→ Exercise prompt: Lines before the one with "Große Größe Herren" are left out; return that line and all that follow it, exactly, through the end of the data.

*** Records supplied ***

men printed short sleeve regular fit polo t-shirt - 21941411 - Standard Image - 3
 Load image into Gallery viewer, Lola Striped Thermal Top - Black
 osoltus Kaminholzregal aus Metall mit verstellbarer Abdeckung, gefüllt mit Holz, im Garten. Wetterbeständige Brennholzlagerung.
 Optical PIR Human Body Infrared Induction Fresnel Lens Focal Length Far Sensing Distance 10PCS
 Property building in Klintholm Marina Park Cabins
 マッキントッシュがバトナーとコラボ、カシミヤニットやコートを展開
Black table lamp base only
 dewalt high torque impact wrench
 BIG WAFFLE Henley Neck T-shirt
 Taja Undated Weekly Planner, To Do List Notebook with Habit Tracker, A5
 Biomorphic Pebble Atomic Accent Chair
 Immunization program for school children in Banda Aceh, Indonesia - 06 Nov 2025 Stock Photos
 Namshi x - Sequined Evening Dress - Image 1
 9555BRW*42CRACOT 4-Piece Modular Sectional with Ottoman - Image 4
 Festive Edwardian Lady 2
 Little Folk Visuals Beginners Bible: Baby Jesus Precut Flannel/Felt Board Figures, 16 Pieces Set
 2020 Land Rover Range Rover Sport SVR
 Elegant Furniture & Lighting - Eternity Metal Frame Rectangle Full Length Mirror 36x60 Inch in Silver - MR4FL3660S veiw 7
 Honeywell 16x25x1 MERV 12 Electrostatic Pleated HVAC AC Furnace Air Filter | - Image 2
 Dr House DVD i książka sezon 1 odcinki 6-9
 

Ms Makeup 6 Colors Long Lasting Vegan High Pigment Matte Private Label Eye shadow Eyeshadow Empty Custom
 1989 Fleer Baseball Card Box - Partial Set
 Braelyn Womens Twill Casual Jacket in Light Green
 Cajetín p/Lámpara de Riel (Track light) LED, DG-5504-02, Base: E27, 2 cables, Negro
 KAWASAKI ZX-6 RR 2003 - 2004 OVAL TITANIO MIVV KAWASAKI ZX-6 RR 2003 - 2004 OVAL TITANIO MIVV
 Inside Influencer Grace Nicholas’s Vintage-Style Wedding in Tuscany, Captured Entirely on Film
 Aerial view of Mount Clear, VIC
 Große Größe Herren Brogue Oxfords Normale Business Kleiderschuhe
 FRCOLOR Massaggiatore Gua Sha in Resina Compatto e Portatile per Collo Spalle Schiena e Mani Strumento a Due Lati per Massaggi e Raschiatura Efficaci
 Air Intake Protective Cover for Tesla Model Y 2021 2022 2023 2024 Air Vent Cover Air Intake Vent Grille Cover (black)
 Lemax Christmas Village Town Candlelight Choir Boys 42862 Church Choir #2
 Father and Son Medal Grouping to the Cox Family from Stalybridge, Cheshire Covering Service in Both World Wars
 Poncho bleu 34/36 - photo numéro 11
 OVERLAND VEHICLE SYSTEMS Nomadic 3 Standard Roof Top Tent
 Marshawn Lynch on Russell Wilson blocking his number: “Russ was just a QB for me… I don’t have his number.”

*** End of Records supplied ***

→ Answer to this exercise:
 Große Größe Herren Brogue Oxfords Normale Business Kleiderschuhe
 FRCOLOR Massaggiatore Gua Sha in Resina Compatto e Portatile per Collo Spalle Schiena e Mani Strumento a Due Lati per Massaggi e Raschiatura Efficaci
 Air Intake Protective Cover for Tesla Model Y 2021 2022 2023 2024 Air Vent Cover Air Intake Vent Grille Cover (black)
 Lemax Christmas Village Town Candlelight Choir Boys 42862 Church Choir #2
 Father and Son Medal Grouping to the Cox Family from Stalybridge, Cheshire Covering Service in Both World Wars
 Poncho bleu 34/36 - photo numéro 11
 OVERLAND VEHICLE SYSTEMS Nomadic 3 Standard Roof Top Tent
 Marshawn Lynch on Russell Wilson blocking his number: “Russ was just a QB for me… I don’t have his number.”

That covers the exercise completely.